Recoil - wow. TTI lightens the slide, and then they spring the gun very lightly - so it is about as light as you can get and still work. When I saw the videos of Taran Butler talking about how he cuts down on recoil with this setup, I didn't really believe it much, as I have had 14 months to think about it while I waited....

When you see the videos of them shooting, the gun doesn't appear to move any less in their hands. But damn, when you shoot it - it is true. His setup really works... The recoil is very noticeably less than a stock Glock 34.

I have a slight tremor in my left hand, and usually after I shoot 150 rounds of 9mm in a handgun, my hands are shaking a bit more. Not with this gun. I fired 200 rounds though it. And if not for ammo prices, I would have fired another 200.

I was shooting one hole most of the time...

While waiting on this gun (for 14 months) - I had decided that if I didn't love this Taran Tactical gun, I could sell it and easily make $1k off of it.
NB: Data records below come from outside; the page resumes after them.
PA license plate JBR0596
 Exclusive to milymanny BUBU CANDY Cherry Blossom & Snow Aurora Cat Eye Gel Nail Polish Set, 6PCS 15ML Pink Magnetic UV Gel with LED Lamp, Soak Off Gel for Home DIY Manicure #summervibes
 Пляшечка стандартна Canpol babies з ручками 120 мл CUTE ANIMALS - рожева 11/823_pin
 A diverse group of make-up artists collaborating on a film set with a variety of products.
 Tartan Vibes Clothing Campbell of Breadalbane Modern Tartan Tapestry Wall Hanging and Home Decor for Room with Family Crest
I'll admit, that's not why I sent it off - as I really wanted it for a year or two before I bit the bullet to get it...

But, if I knew that if I didn't like it, I figured I was going to use the money and just get the 9mm Ed Brown 1911 I have been wanting for several years. However, after shooting this gun yesterday - I'm not going to bother. This John Wick gun shoots as well as that $3k Springfield Custom Shop 9mm Operator I had way back in 2008. I don't see the need to spend $3200 on another handgun. This will be my one very nice handgun, and I'm good with that...

I too thought it was overpriced for what it was, but got it anyway. However, after shooting it yesterday, I will say it was worth it.


----------



## Goldwing (Nov 5, 2014)

Very nice weapon! Looks like it was well worth the wait.


----------



## desertman (Aug 29, 2013)

Shipwreck said:


> Well, after 14 months, I got this in FINALLY.
> 
> The John Wick 2 Combat Master
> 
> ...


 
Guns like that are not overpriced when you consider the time that was put into it. Especially when you consider that labor probably goes for between $75-$100 an hour. If they spent 20 hours on that gun that's $1,500-$2,000 in labor costs alone. Indeed you probably could get more than what you paid for it due to supply, demand and the fact that not too many people would want to wait 14 months to get their gun back. Congratulations, now you've got a unique custom gun that not everyone has.


----------



## Shipwreck (Jan 26, 2006)

desertman said:


> Guns like that are not overpriced when you consider the time that was put into it. Especially when you consider that labor probably goes for between $75-$100 an hour. If they spent 20 hours on that gun that's $1,500-$2,000 in labor costs alone. Indeed you probably could get more than what you paid for it due to supply, demand and the fact that not too many people would want to wait 14 months to get their gun back. Congratulations, now you've got a unique custom gun that not everyone has.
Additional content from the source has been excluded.